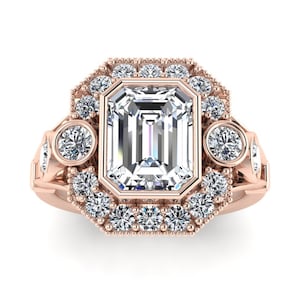 May include: A rose gold engagement ring with a large emerald cut diamond center stone. The center stone is surrounded by a halo of smaller diamonds. There are two additional round diamonds on the band.
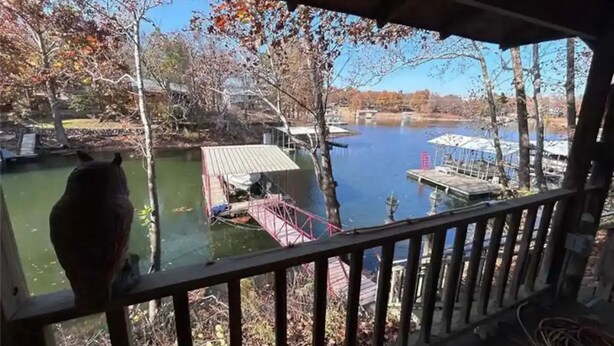 Une vue depuis un balcon abrité donnant sur un lac, avec des quais et des bateaux, le tout entouré d’arbres aux feuilles d’automne.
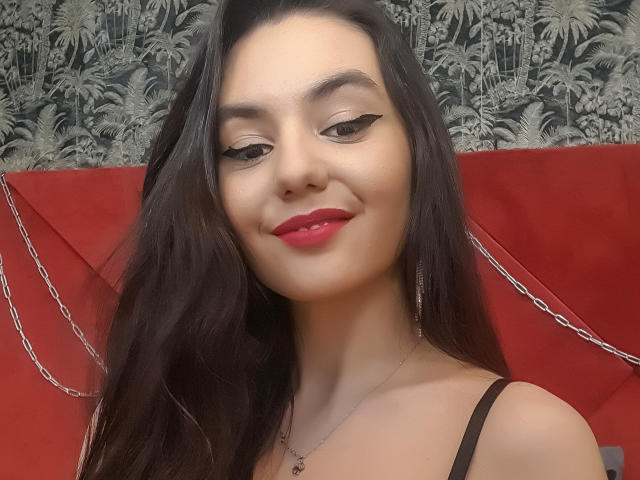 AshlyChloe, con lunghi capelli scuri, rossetto rosso, eyeliner nero, sorridente, indossa un top nero con spalline e una collana. Ha il seno piccolo e un viso carino..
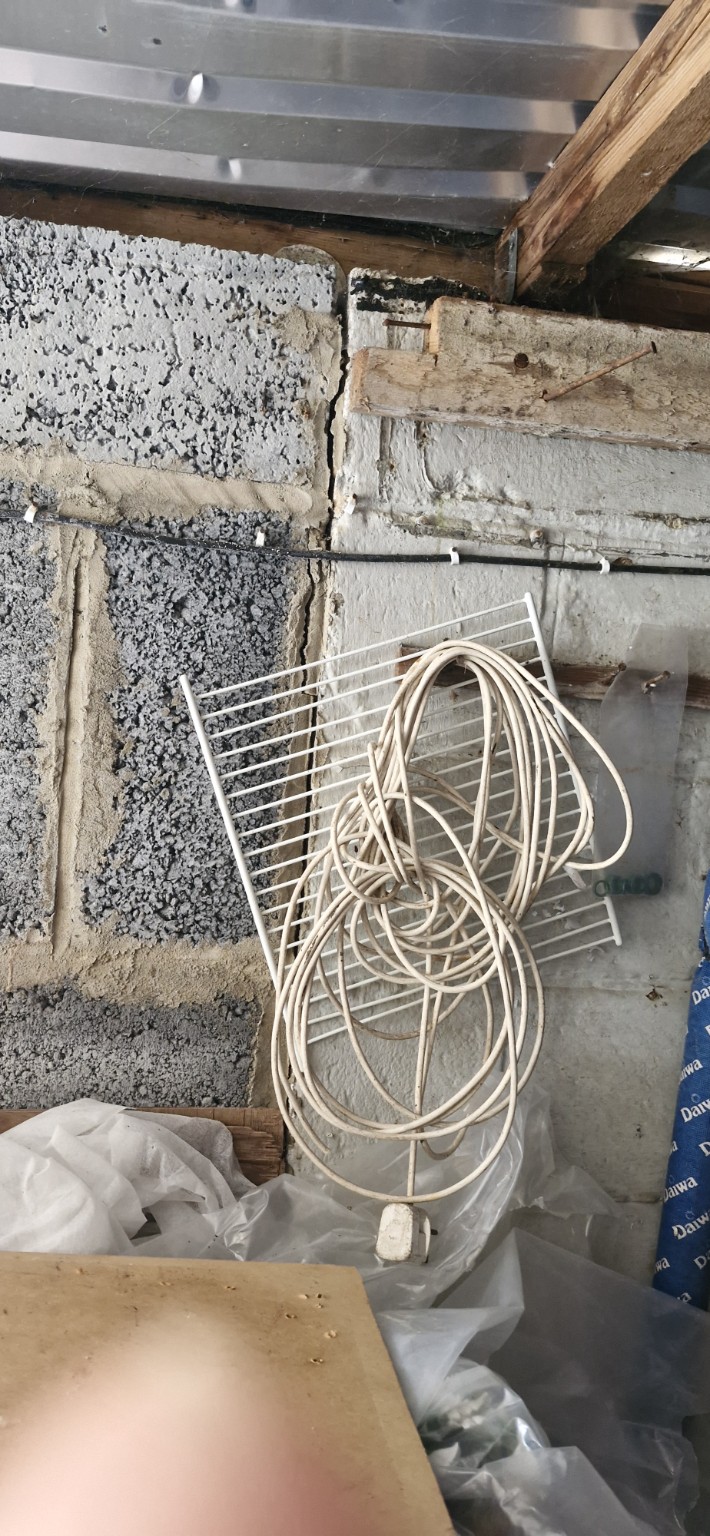 Crack in the garage's unfinished internal block wall before repair
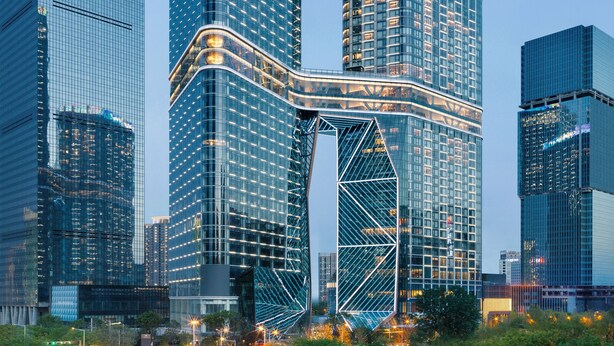 A modern skyscraper with a curved glass facade and a prominent entrance. - Grand Hyatt Xi An (Xi'an)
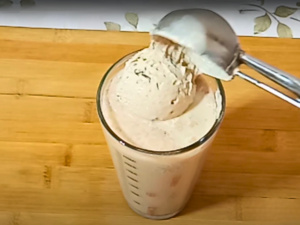 Step-by-Step Guide to Making a Chocolate Coffee Milkshake - Step 3 Blend In The Vanilla Ice Cream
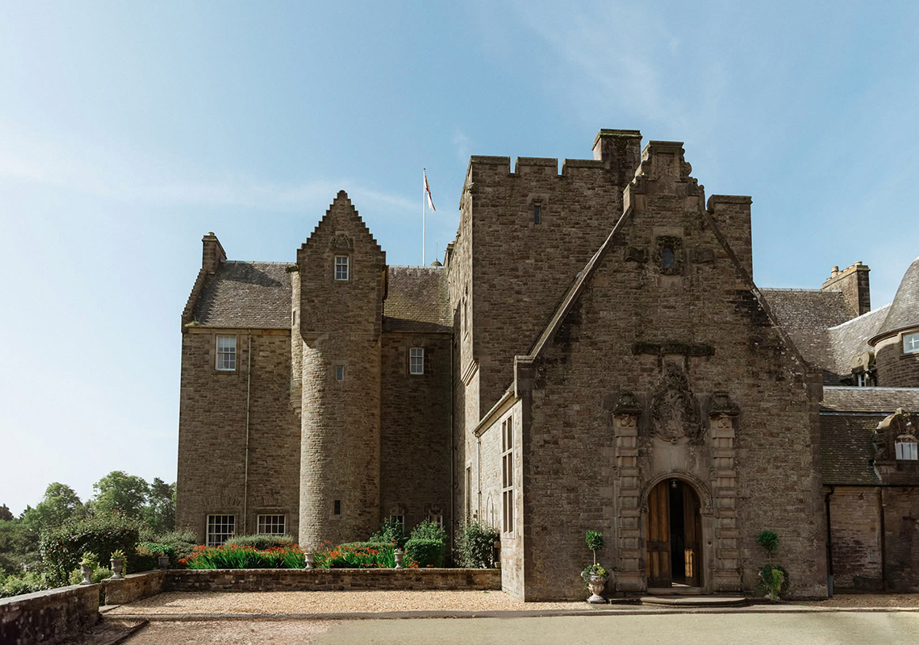 Exterior of Rowallan Castle wedding venue with stone walls and blue sky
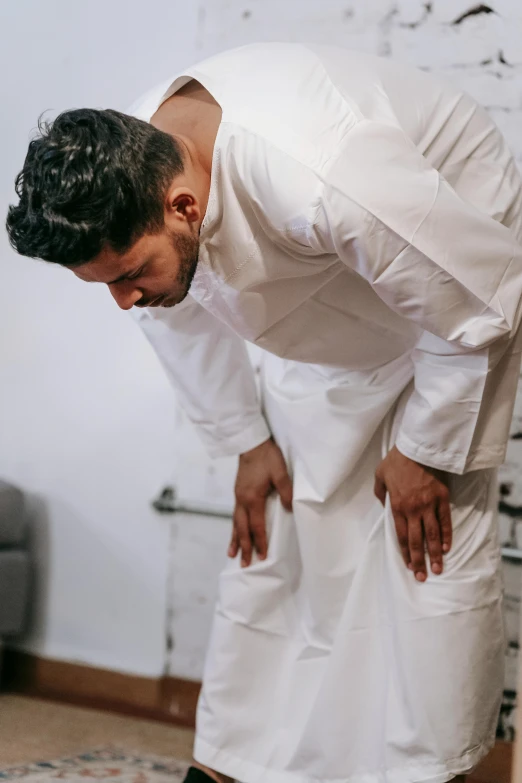 a man standing next to a cat on a rug, wearing a white hospital gown, bend over posture, islamic, lower back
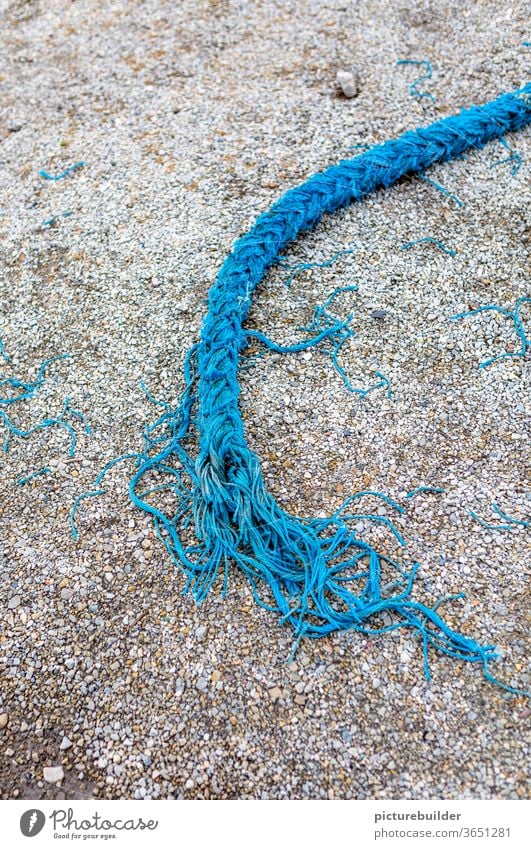 Gerissenes blaues Seil Tau gerissen Straße Asphalt kaputt liegen Belastungsgrenze fransen maritim Außenaufnahme Hafen Farbfoto Menschenleer versagt Tag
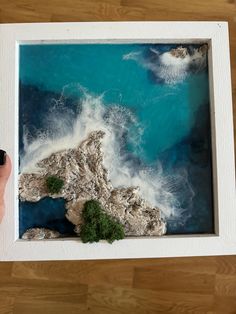 an aerial view of the ocean with rocks and seaweed in it, taken from above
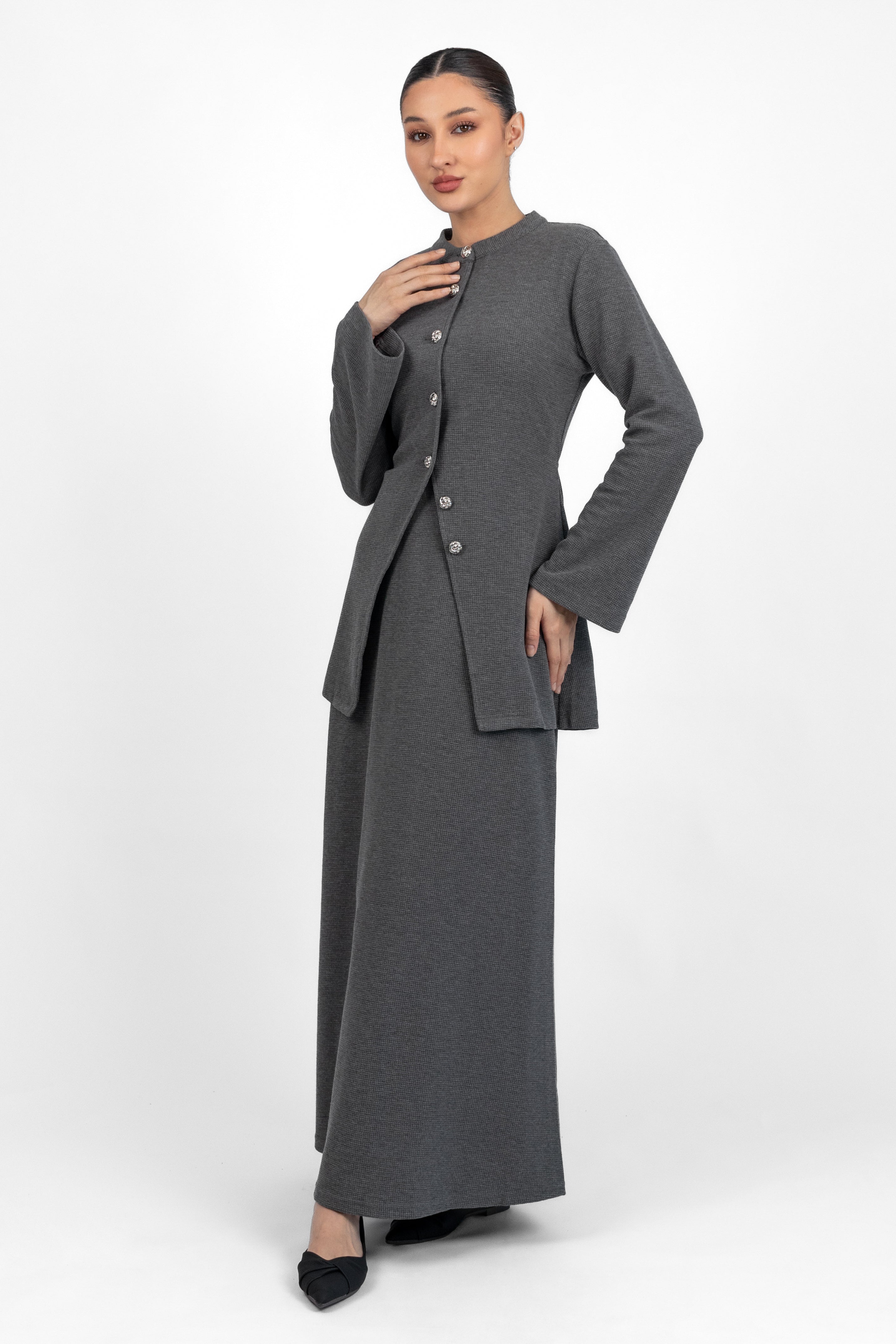 A woman is looking in the camera wearing a Tailored Vintage Cardigan.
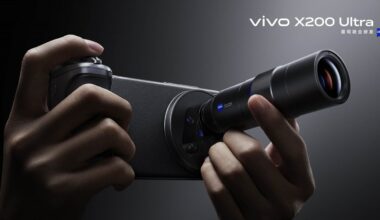 Close-up of hands holding a Vivo X200 Ultra smartphone with an attached external lens, highlighting advanced photography features. The phone is black and the lens is prominently visible.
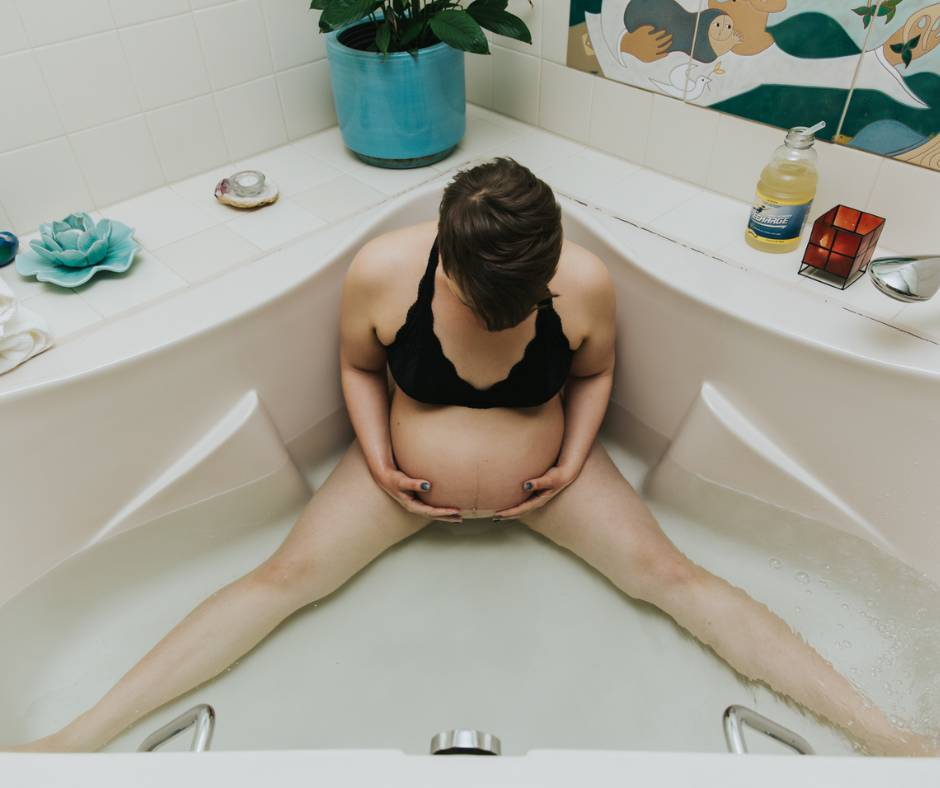 Pregnant woman in a large bathtub looking down and holding her belly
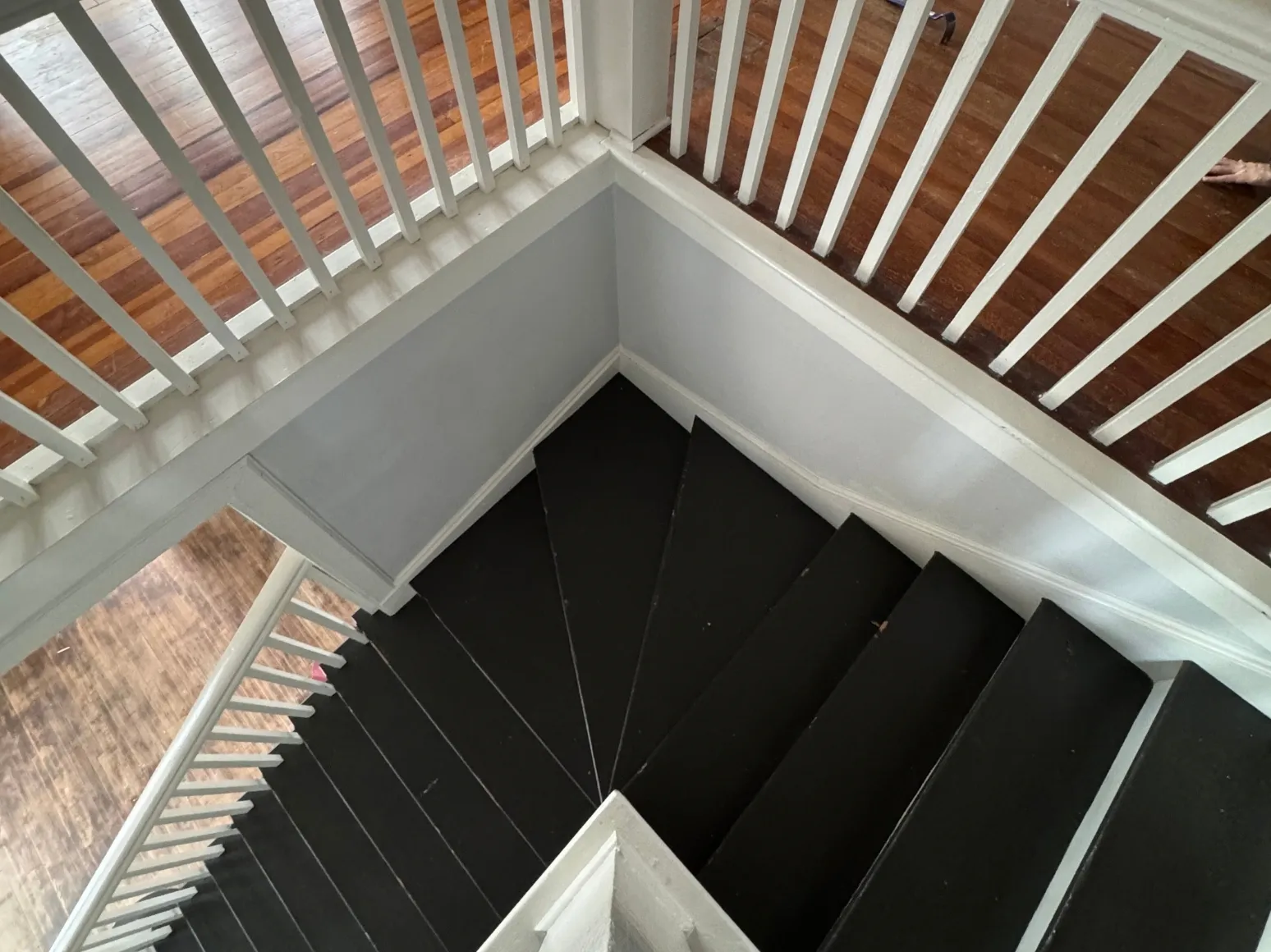 Before staircase refinishing: Black painted stairs back to natural oak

Exercise requirements
Write out the whole listing above exactly, minus images.

Solved problem
 May include: A rose gold engagement ring with a large emerald cut diamond center stone. The center stone is surrounded by a halo of smaller diamonds. There are two additional round diamonds on the band.
 Une vue depuis un balcon abrité donnant sur un lac, avec des quais et des bateaux, le tout entouré d’arbres aux feuilles d’automne.
 AshlyChloe, con lunghi capelli scuri, rossetto rosso, eyeliner nero, sorridente, indossa un top nero con spalline e una collana. Ha il seno piccolo e un viso carino..
 Crack in the garage's unfinished internal block wall before repair
 A modern skyscraper with a curved glass facade and a prominent entrance. - Grand Hyatt Xi An (Xi'an)
 Step-by-Step Guide to Making a Chocolate Coffee Milkshake - Step 3 Blend In The Vanilla Ice Cream
 Exterior of Rowallan Castle wedding venue with stone walls and blue sky
 a man standing next to a cat on a rug, wearing a white hospital gown, bend over posture, islamic, lower back
 Gerissenes blaues Seil Tau gerissen Straße Asphalt kaputt liegen Belastungsgrenze fransen maritim Außenaufnahme Hafen Farbfoto Menschenleer versagt Tag
 an aerial view of the ocean with rocks and seaweed in it, taken from above
 A woman is looking in the camera wearing a Tailored Vintage Cardigan.
 Close-up of hands holding a Vivo X200 Ultra smartphone with an attached external lens, highlighting advanced photography features. The phone is black and the lens is prominently visible.
 Pregnant woman in a large bathtub looking down and holding her belly
 Before staircase refinishing: Black painted stairs back to natural oak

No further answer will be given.